Совсем иной образ у сына «патриарха семьи» - Ильи Матвеевича, который, хоть и занимает высокую должность, входя в руководство судостроительным заводом, а твердо помнит о субординации в системе промышленности, о необходимости исполнять министерские приказы. «Ну вот, получен приказ, чтобы она («коробка морского судна» - АГ), была у достроечной стенки не позже Октябрьских праздников. … Что доказывать! Приказ министром подписан. Выполнять положено. Мы люди маленькие, солдаты армии труда! - Илья Матвеевич усмехнулся, и бросил окурок за борт». (с.45).

Заметим впрочем, что именно Илья Матвеевич символизирует собой «новое время», образ прогрессивно мыслящего кораблестроителя. В диалоге «прогрессивного героя - новатора» Ильи Журбина и «консерватора» - Александра Александровича Батманова мы видим яркое проявление канонического конфликта производственного романа: «новатор – консерватор».

- Прочность, Саня, повышать надо! Война пришла и ушла. А мы с тобой для мира работаем. Не на месяц, не на год.

- Это верно, - Согласился Александр Александрович, - Только я скажу тебе Илюша и другое. Зря такую переконструкцию на ходу затеяли.

- Вот перейдем с клепки на сварку, - Илья Матвеевич сказал это как -то мимоходом, как бы не придавая своего особого значения словам.

- Варить корпус такого тоннажа? – Спросил Александр Александрович

- Ага. – Илья Матвеевич не изменил позы.

- Я по сварке не профессор, но кое-что маркую, - Подумав, заговорил Александр Александрович, - Ты сам твердишь, «корпус- главное в корабле, корпус должен быть прочным», А какую прочность даст обшивка, если она вся в швах? (…) Корабль попадает в шторм баллов на десять- двенадцать. Цельный металл, понятно, выдержит такую нагрузку, а сваренное место, - бац! – И треснет. (…) Заклепка, - она что пружинка. Она придает корпусу эластичность. Случись что в наборе корабля, клепаные узлы встанут, как щиты, как рессоры. А цельносваренный корпус затрещит по всем швам. (…)

- А вот, Саня, - Сказал Журбин, - для того и срок нам сокращают, чтобы после этого заложить цельносваренную океанскую коробочку. И строить ее будем мы!

Новость ошеломила Александра Басманова. В первый момент он и не нашел, что ответить.

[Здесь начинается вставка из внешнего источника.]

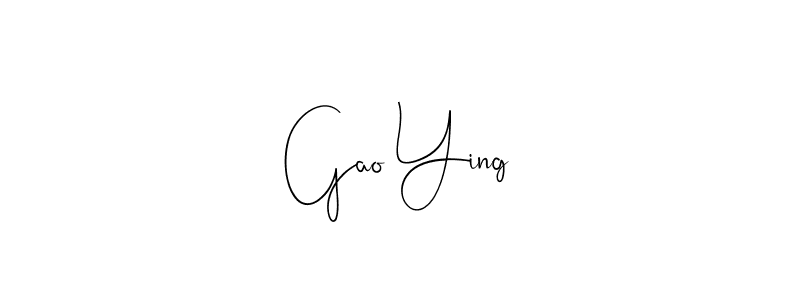 Design your own signature with our free online signature maker. With this signature software, you can create a handwritten (Andilay-7BmLP) signature for name Gao Ying. Gao Ying signature style 4 images and pictures png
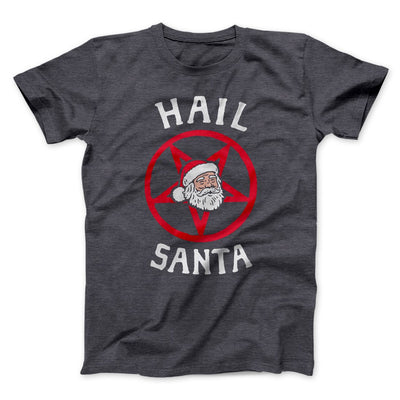 Hail Santa Men/Unisex T-Shirt Dark Grey Heather | Funny Shirt from Famous In Real Life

- Мы? – переспросил он и приблизился к Илье Матвеевичу, почти грудь в грудь, - Мы, говоришь? (…) Нет, не мы , Ильюша, а ты! Согласился, сам и строй. Один строй! Я авантюр не уважаю.

Они жгли друг друга такими глазами, такой огонь метали эти глаза, что, пожалуй, их огнем можно было варить самую прочную корабельную сталь. (с. 47)

Заметим, что конфликт между технологиями «старого» и «нового» времени станет базовым для этого, в целом достаточно бесконфликтного произведения.

«- Ты где шляешься? – Спросил дед Матвей, снимая очки – Без тебя тут целый совет заседал, - Слыхал, Алешка, сварной корабль будут закладывать!

- А мне-то что? – Ответил Алексей, в эту минуту далекий от всех кораблей мира.

- Как это, что? Событие, дурень! Переворот!» (с. 58)

Конфликт «старых» и «новых» технологий, по сути своей, конфликт между «прошлым временем» и «новым временем», между «новаторами» и «консерваторами» отражает жанровый канон производственного романа. Однако, в «Журбиных» мы увидим принципиальное отличие от этого конфликта, существовавшего на этапе формирования жанра. (Напомним, что наиболее отчетливо мы его видели в таких произведениях, как «Кара - бугаз», «Большой конвейер», «Ведущая ось», «Подводные земледельцы», а роман-хронике В.Катаева «Время, вперед!» этот конфликт является даже сюжетообразующим). Значимой характеристикой этого конфликта на этапе формирования жанра является его обязательная «привязка» к материальному миру, к пространству реальности, к определенному «топосу», где, собственно, и осуществляется новаторская деятельность.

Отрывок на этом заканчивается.